Question

Consider an $LRC$ circuit as shown in figure, with an $\text{AC}$ source of peak value $V_0$ and angular frequency $\omega$. Then, the peak value of current through the $\text{AC}$ source is

• A. $\frac{V_0}{\sqrt{\frac{1}{R^2}+{(\omega L-\frac{1}{\omega C})}^2}}$
• B. $V_0{[\frac{1}{R^2}+{(\omega C-\frac{1}{\omega L})}^2]}^{1/2}$
• C. $\frac{V_0}{\sqrt{R^2+{(\omega L-\frac{1}{\omega C})}^2}}$
• D. None of these

Answer 1

The correct option is B $V_0{[\frac{1}{R^2}+{(\omega C-\frac{1}{\omega L})}^2]}^{1/2}$

Here, All three are in parallel. So, voltage across all three is same, equal to $V=V_0\sin \omega t\left(\text{let}\right)$.

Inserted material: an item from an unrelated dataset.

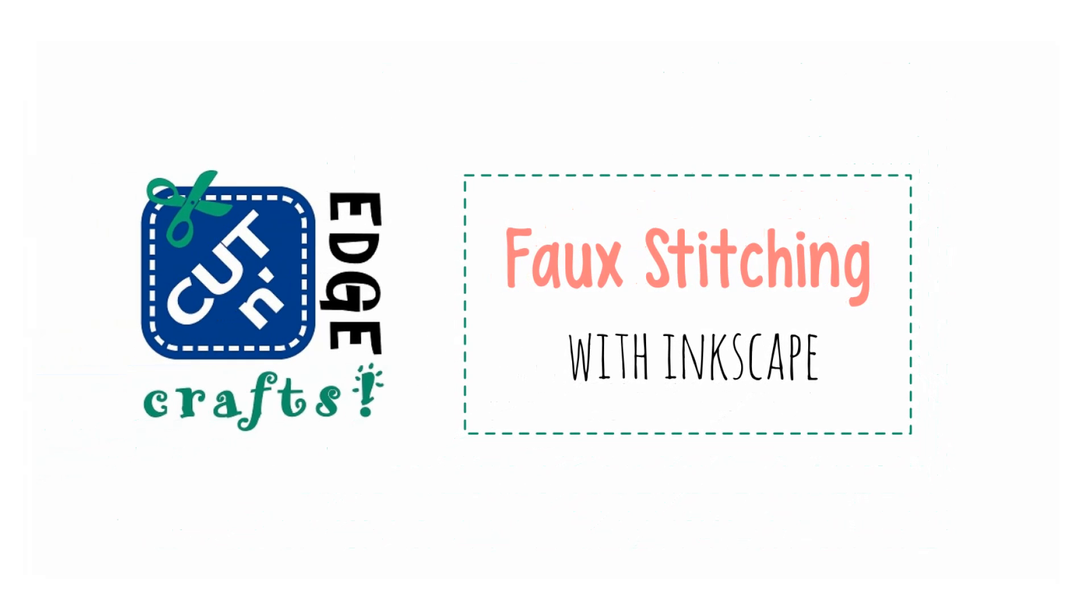Hello, this is Nicole with Cutting Edge Crafts and today I'm going to be sharing a really quick video on how you can use Inkscape to create faux stitching on your Cricut projects.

Now, to find current, we make phasor diagrams.

For a capacitor, current leads voltage by $\frac{\pi }{2}$

For an inductor, current lags voltage by $\frac{\pi }{2}$

And for a resistor, current and voltage are in the same phase.


$\Downarrow$
From phasor diagram

$I_{net}=\sqrt{I_R^2+{(I_C-I_L)}^2}$
$I_{net}={[\frac{V_0^2}{R^2}+{(\frac{V_0}{X_C}-\frac{V_0}{X_L})}^2]}^{1/2}$

$I_{net}=V_0{[\frac{1}{R^2}+{(\omega C-\frac{1}{\omega L})}^2]}^{1/2}$

Hence, option $\left(\text{B}\right)$ is correct.